I need the lines from the one with "Анапа фотосессия Анапа" through the end of the material, copied exactly and with nothing else included.

:: Data section ::
* * * * * * * * *

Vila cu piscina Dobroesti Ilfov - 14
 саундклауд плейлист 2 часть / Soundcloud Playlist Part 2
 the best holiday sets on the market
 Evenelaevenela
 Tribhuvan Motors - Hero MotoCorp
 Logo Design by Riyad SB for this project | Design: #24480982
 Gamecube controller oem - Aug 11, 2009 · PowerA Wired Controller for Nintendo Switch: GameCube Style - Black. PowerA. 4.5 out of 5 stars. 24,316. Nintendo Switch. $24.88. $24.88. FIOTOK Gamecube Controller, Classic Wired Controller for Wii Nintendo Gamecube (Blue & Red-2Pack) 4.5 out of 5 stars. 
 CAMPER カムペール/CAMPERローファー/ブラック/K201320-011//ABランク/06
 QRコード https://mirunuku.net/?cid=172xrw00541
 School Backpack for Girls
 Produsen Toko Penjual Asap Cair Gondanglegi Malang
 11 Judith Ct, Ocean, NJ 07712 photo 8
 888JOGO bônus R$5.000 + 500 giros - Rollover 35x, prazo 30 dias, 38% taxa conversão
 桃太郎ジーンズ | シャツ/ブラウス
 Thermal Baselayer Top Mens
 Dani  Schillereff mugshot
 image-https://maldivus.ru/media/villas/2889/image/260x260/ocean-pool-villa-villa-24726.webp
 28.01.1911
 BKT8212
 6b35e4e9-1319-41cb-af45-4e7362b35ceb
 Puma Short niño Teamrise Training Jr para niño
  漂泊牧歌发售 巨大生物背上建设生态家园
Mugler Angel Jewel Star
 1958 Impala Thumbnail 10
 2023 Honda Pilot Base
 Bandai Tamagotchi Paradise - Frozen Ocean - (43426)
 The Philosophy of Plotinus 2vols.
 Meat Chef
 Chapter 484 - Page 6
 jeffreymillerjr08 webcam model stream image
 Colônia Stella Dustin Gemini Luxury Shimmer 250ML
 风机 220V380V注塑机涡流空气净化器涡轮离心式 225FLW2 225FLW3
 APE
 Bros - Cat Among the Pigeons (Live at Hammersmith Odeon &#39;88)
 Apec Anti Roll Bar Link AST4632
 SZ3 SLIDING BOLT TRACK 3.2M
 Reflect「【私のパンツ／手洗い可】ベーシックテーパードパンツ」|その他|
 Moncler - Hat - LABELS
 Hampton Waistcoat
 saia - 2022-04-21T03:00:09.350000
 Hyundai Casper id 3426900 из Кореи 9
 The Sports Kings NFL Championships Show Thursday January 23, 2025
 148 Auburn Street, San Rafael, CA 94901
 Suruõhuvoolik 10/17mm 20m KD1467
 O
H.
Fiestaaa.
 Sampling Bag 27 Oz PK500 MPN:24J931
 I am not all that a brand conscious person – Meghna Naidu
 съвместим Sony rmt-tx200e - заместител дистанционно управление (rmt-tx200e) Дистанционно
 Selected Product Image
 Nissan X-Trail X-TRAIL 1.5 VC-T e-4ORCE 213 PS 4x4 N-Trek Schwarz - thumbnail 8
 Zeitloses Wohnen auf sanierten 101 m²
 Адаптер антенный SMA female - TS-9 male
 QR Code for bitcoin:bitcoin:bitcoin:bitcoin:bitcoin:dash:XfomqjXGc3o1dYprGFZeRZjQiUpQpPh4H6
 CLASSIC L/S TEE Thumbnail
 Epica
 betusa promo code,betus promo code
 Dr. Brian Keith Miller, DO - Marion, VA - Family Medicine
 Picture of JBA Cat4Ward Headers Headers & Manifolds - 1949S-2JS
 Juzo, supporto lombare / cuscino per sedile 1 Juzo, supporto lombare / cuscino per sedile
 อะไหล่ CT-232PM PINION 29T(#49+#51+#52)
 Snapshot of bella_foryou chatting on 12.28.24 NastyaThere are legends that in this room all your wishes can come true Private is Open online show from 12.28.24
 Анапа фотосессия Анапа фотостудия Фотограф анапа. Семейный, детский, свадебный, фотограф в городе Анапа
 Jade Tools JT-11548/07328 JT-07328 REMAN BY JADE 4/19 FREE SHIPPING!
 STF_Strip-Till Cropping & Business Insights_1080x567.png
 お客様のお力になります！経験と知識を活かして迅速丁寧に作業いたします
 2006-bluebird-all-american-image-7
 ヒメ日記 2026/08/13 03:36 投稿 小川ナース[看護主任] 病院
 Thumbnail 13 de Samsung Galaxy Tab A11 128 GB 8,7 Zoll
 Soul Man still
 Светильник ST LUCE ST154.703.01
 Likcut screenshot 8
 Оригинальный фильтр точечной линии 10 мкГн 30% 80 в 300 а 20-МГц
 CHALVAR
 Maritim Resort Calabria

* * * * * * * * *

:: The answer ::
 Анапа фотосессия Анапа фотостудия Фотограф анапа. Семейный, детский, свадебный, фотограф в городе Анапа
 Jade Tools JT-11548/07328 JT-07328 REMAN BY JADE 4/19 FREE SHIPPING!
 STF_Strip-Till Cropping & Business Insights_1080x567.png
 お客様のお力になります！経験と知識を活かして迅速丁寧に作業いたします
 2006-bluebird-all-american-image-7
 ヒメ日記 2026/08/13 03:36 投稿 小川ナース[看護主任] 病院
 Thumbnail 13 de Samsung Galaxy Tab A11 128 GB 8,7 Zoll
 Soul Man still
 Светильник ST LUCE ST154.703.01
 Likcut screenshot 8
 Оригинальный фильтр точечной линии 10 мкГн 30% 80 в 300 а 20-МГц
 CHALVAR
 Maritim Resort Calabria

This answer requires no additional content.